Lee Jones was travelling on the wrong side of the road, had been drinking and confessed he was speeding at the time of the accident, the coroner was told.

Jones, a Bournemouth ground worker, phoned a friend and sobbed: "I think I have killed someone," after his car crashed into another containing a group of five volleyball players.

National volleyball champion and former Poole High School pupil Mark Pitman, 18, of Gough Crescent, Poole, died of a ruptured aorta.

Suzanne Manning, a 23-year-old picture editor from London, died of similar injuries and driver James Phillips, 28, an insurance administrator from East London, died of multiple injuries due to blunt trauma.

District coroner Sheriff Payne heard they were travelling with two other women along Queen Anne Drive in Merley in a Renault 19 at about 9pm on Sunday, August 24, last year when it collided with a Rover 620i driven by Lee Jones.

The Bournemouth inquest was told that Mr Jones had been to a pub and a wine bar earlier in the evening and that his car was more than one metre into the wrong side of the road when the crash took place.

Mr Jones' friend and boss Robert Terry, who had been with him earlier, told the coroner he believed Mr Jones had consumed between two and four bottles of Budweiser. A breath test after the accident proved negative.

In an interview with police the following day Mr Jones said he believed he had consumed two bottles of beer and that he was travelling between 50 and 60 mph. Queen Anne Drive has a 40mph limit.

He said he did not remember using his mobile phone while driving but checks with mobile networks revealed he called his boss just 36 seconds before the first 999 call to report the accident.

The occupants of the Renault, who had been taking part in the Poole Festival of Volleyball over the Bank Holiday weekend, were on their way back to their camp site at Canford Magna when tragedy struck.

Survivor Sorrel Davies tearfully told the packed inquest that James Phillips, her boyfriend, was driving "very steadily and carefully".

Andrew Beckett, a Bournemouth software engineer who was travelling in front of the Renault told the inquest the Rover "did not seem to be in control" as it travelled towards them.

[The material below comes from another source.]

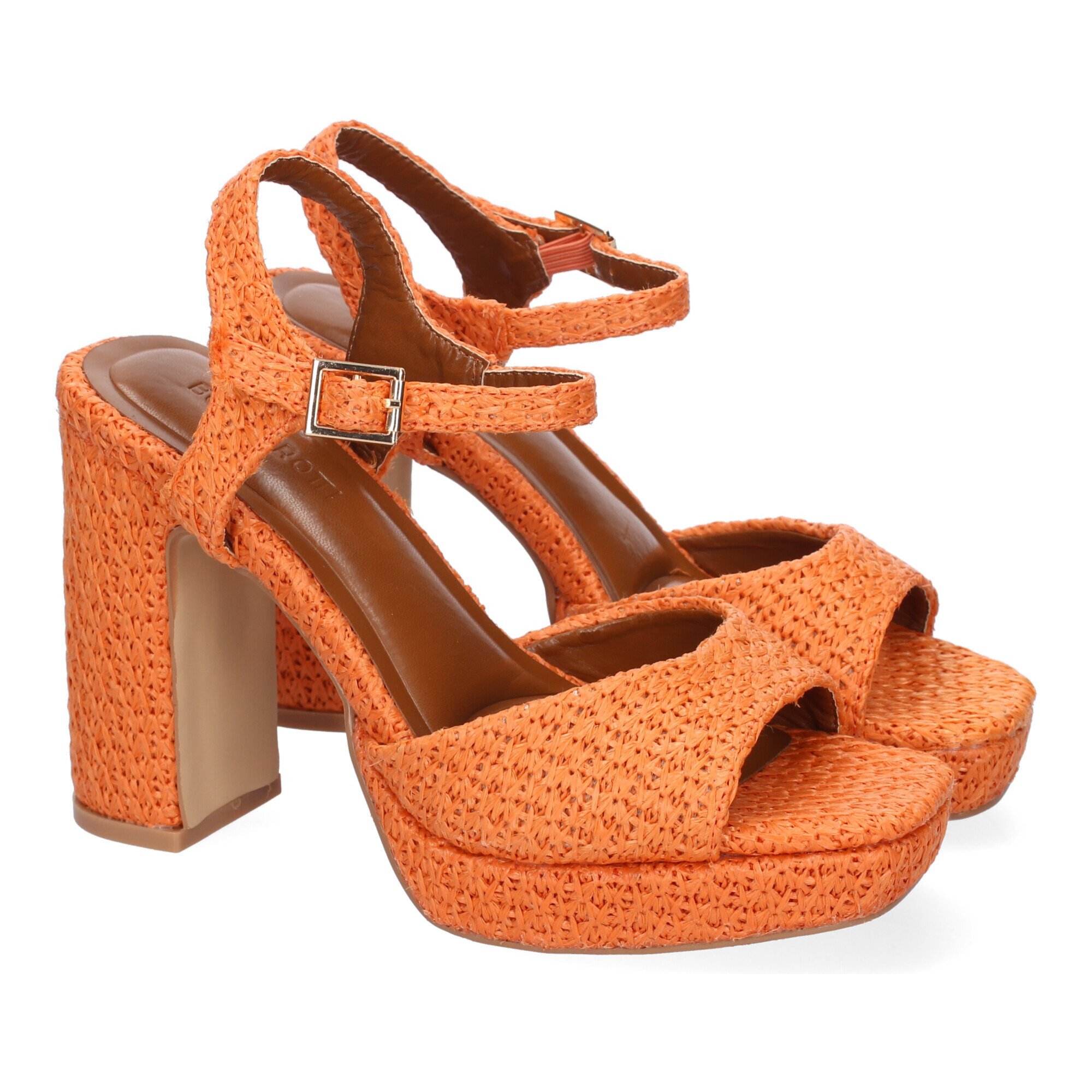 Sandalia de Tacón para Mujer, Comodas y Elegantes, Diseño Moderno con Pala Abierta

"He was certainly going faster than the speed limit. I heard a crash behind me," he said.

The coroner was told that Mr Jones was arrested on suspicion of causing death by dangerous driving but has since been charged with careless driving. The case has yet to come to court.

Recording a verdict that all three victims died as a result of a road traffic collison, Mr Payne said of the verdict: "It does not expose the full horror of what happened.

"It would appear that Mr Jones was virtually on the wrong side of the road.

"He does not really admit that he made the phone call at all but it is apparent that he must have done."